What you shouldn’t do is start making pricing concessions that aren’t aligned with your overall business strategy, or accepting business that is outside of your real core target. Both will cost you more than you gain in the long run.
What did I win? What did I lose? Why?
What new clients did you win? How did you win those clients? Who did you compete against? Why did your new clients choose you over the competition? What value proposition or offering positioned you to win? What are the differences in pricing, margins, services, and solutions, and what do those differences tell you about your business and sales efforts?
Questions like these will help you better understand what is working so you can do more of it.
What opportunities did you lose? Why did you lose them? Which of your competitors were chosen? What was it that allowed them to win the opportunity? How closely was your sales process followed on the opportunities you lost? What would you change if you had a chance to compete for this opportunity again?
These questions will help guide your future behavior as a sales force, as long as you take the time to be honest and thoughtful in completing the review.
What does next quarter look like?
As Jim Rohn used to say, “You plant in the spring, you harvest in the fall. No planting, no harvest.” Acquiring new clients and customers isn’t an endeavor that lends itself to cramming or last-minute heroic efforts.

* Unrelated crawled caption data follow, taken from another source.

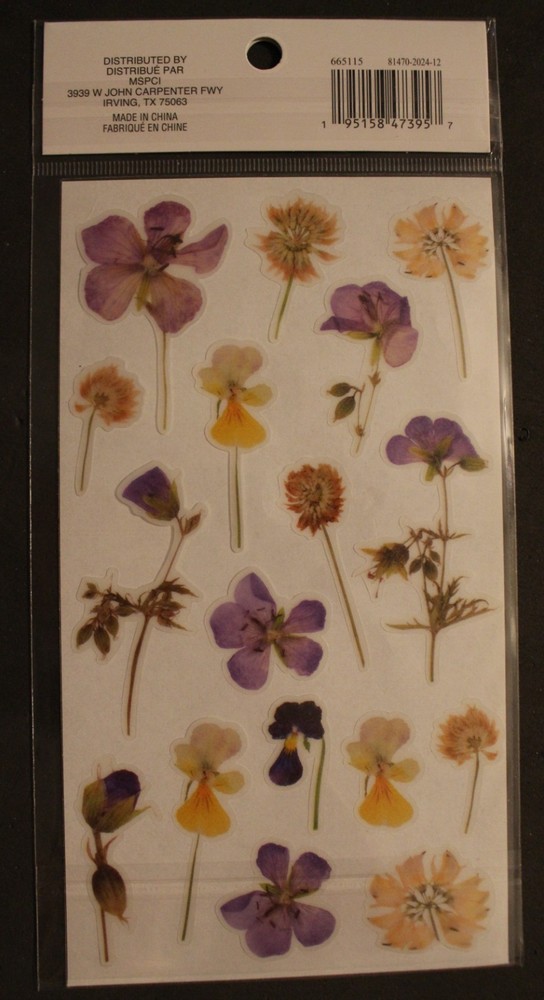 New Recollections scrapbook stickers Colorful Flowers wildflowers stems 2 sheets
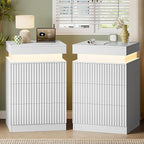 Xixini Fluted Nightstand Set of 2, Night Stand by Xixini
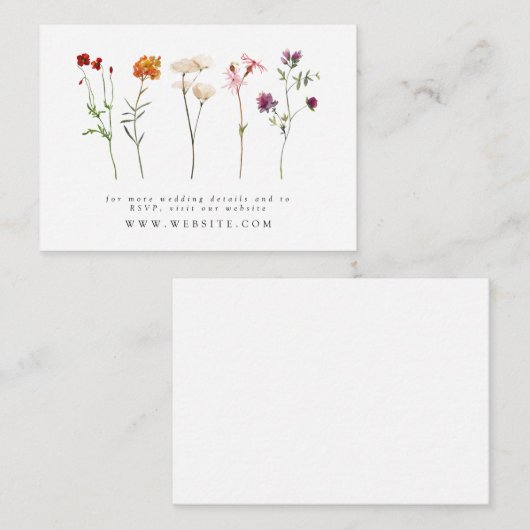 Wildflower Lesbische Pride Bloemen Bruiloft Websit Informatiekaartje (Voorkant / Achterkant)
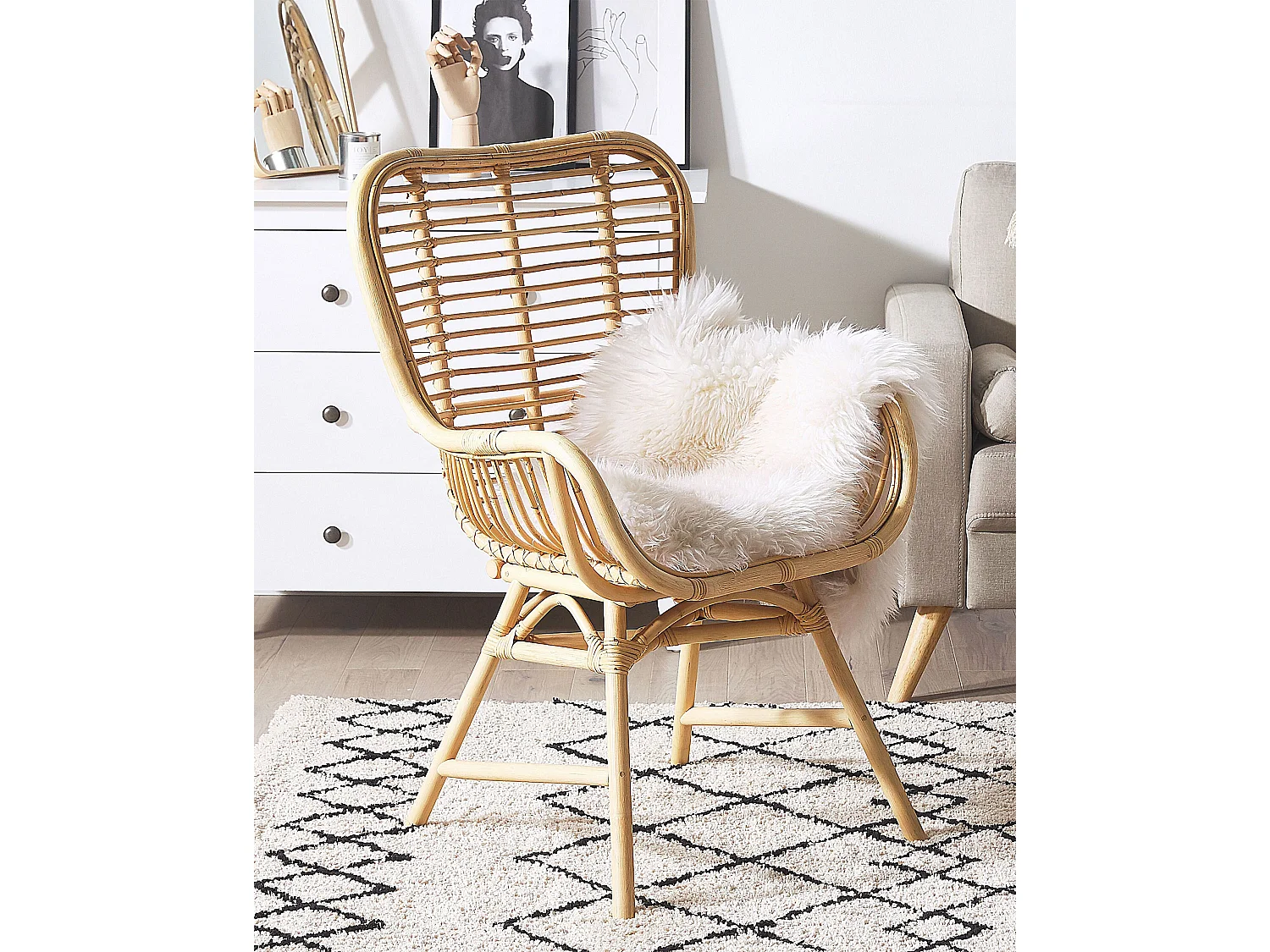 Chaise de salle à manger TOGO Rotin Naturel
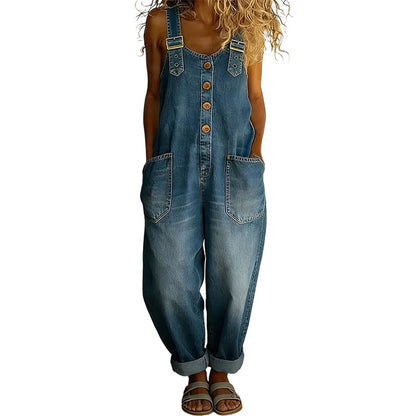 🔥 50% DESCONTO 👖 Jardineiras Jeans Femininas Baggy com Alças Ajustáveis ✨ Corte Solto, Bolsos Fundos & Estilo Casual Moderno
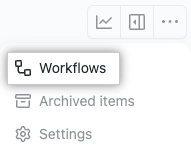 Screenshot del menu Workflows (Flussi lavoro) in Projects che contiene le opzioni Workflows (Flussi di lavoro), Archived items (Elementi archiviati) e Settings (Impostazioni) con l'opzione Workflows evidenziata.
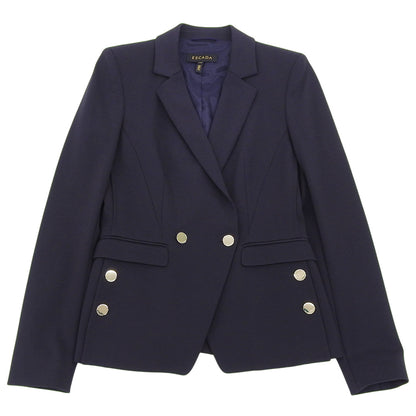 ESCADA エスカーダ 美品 サイドボタン テーラードジャケット レディース ブラック 36 5026970 ジャケット
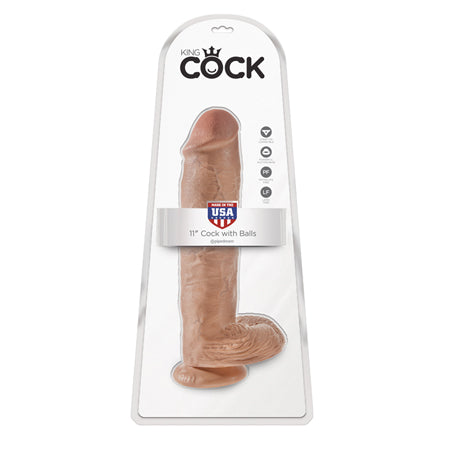 King Cock 11 in. Cock With Balls Realistic Suction Cup Dildo Tan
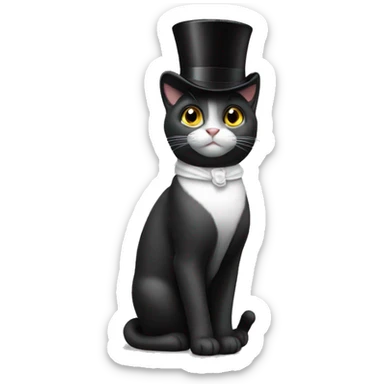 Cat black and white a top hat sticker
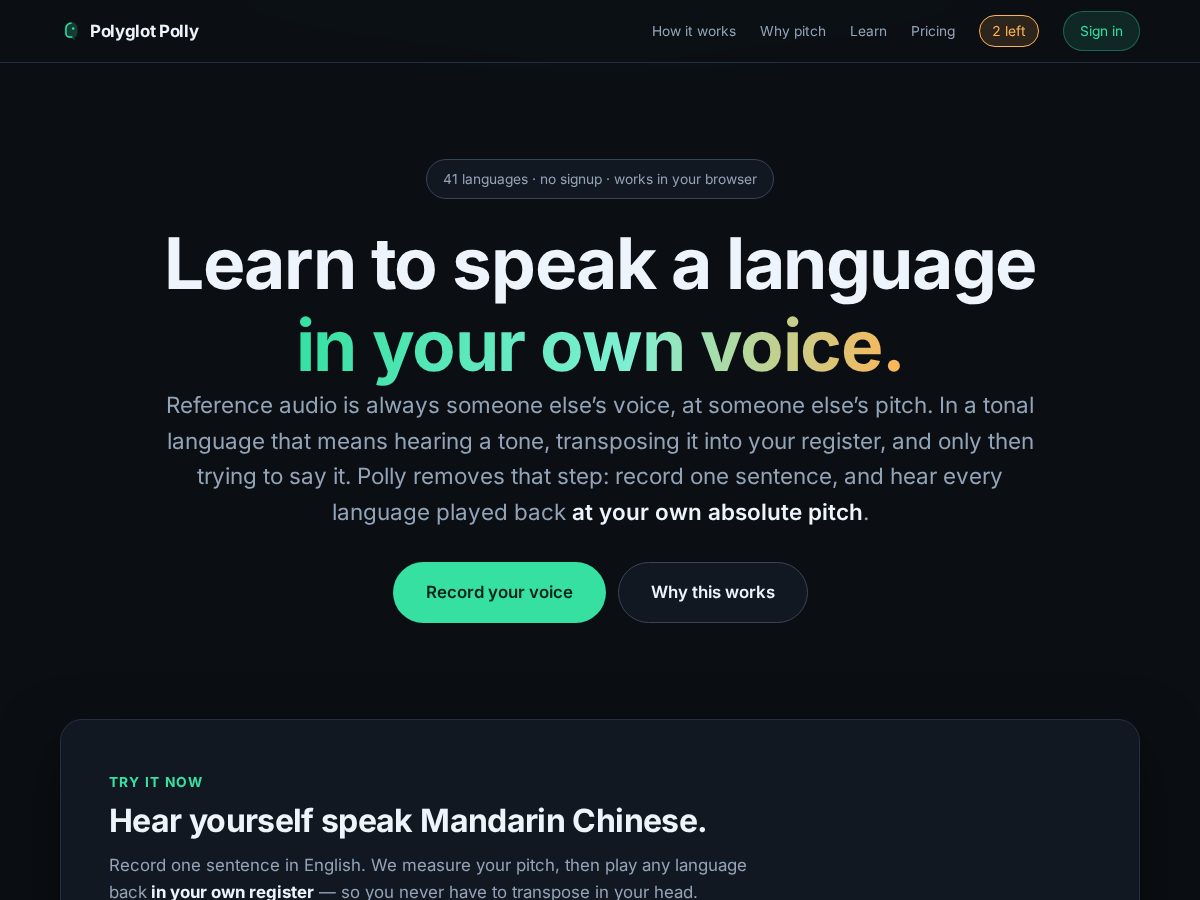 Landing-page snapshot of polyglotpolly.com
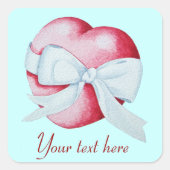 romantisch rood liefdeshart met witte lintboeg vierkante sticker (Voorkant)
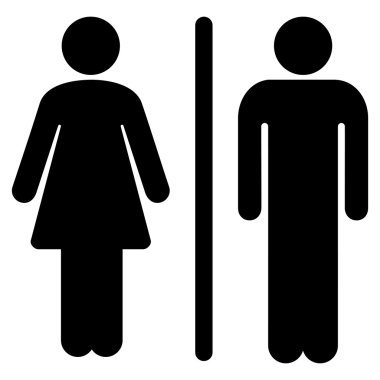 WC kişi düz vektör simgesi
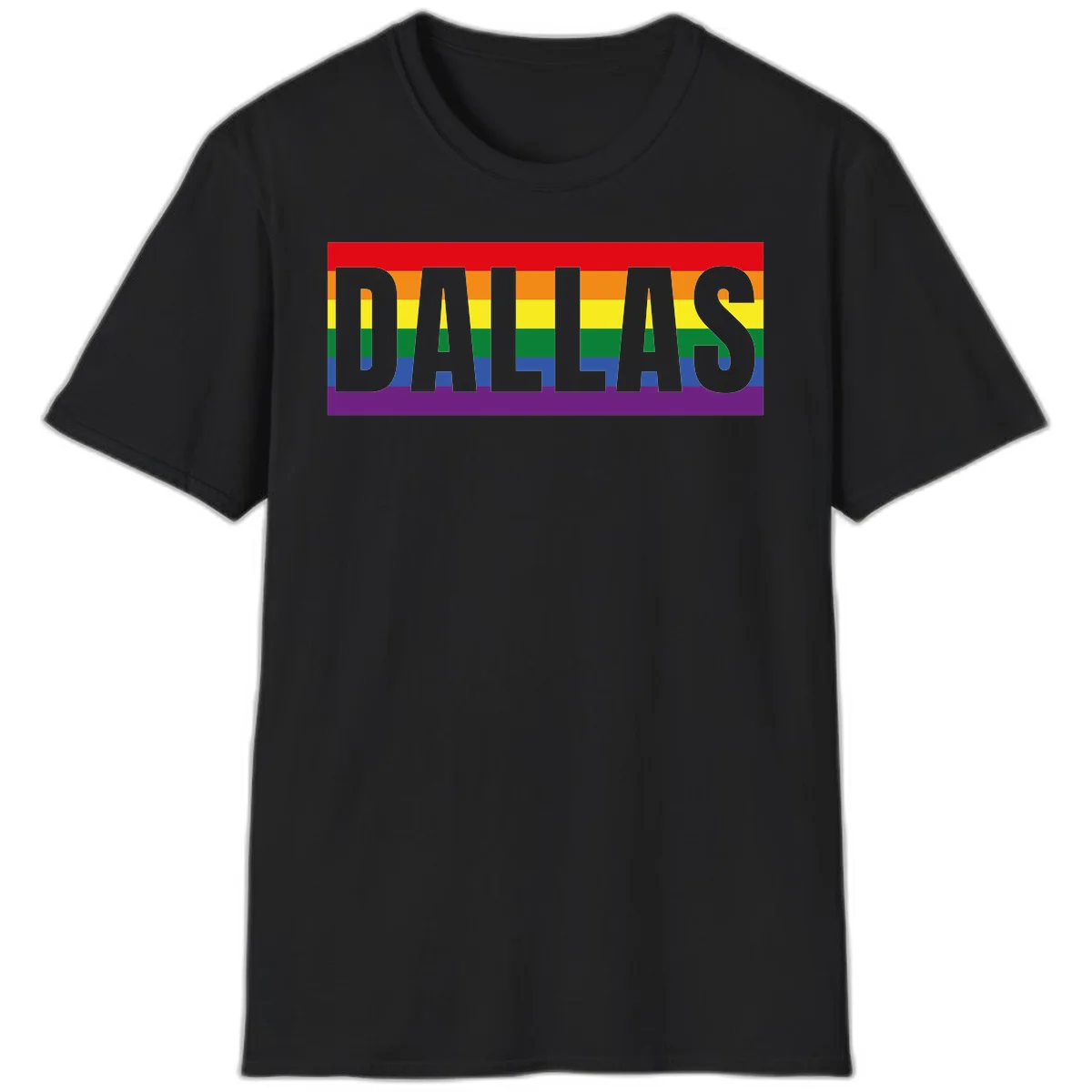 Gray DALLAS text overlaid on rainbow pride flag with red, orange, yellow, green, blue, and purple horizontal stripes in Black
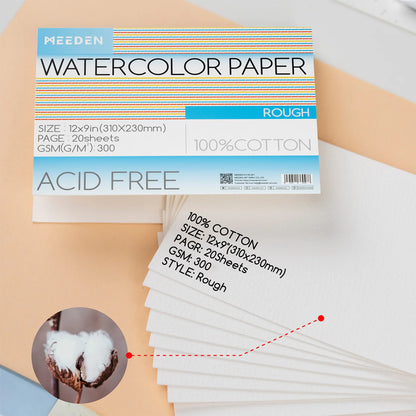 MEEDEN  Watercolor Paper Pad 20 Sheets Rough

In most cases, if your forecast isn’t what you need it to be, the answer is to increase your prospecting activities to ensure that you acquire the opportunities required to hit your number.
What do I need to change?
Most reporting is trailing. It is an autopsy; the body is already dead and there is nothing you can do to bring it back to life. The best way to make use of all of the data you have collected over the quarter is to add context. You need to discover what happened, why it happened, and what beliefs underlie your results.
The biggest mistake you can make at quarter’s end is to decide that next quarter will be improved by simply doing more. More activity is only the right answer when your activity is already low. In most cases, the greatest improvement is made through the changes you make after taking time to discover what activities might have led to better outcomes.
If you want to put up better numbers at the end of the next quarter, you need to start working on that result long before the current quarter closes. So start working to that end now.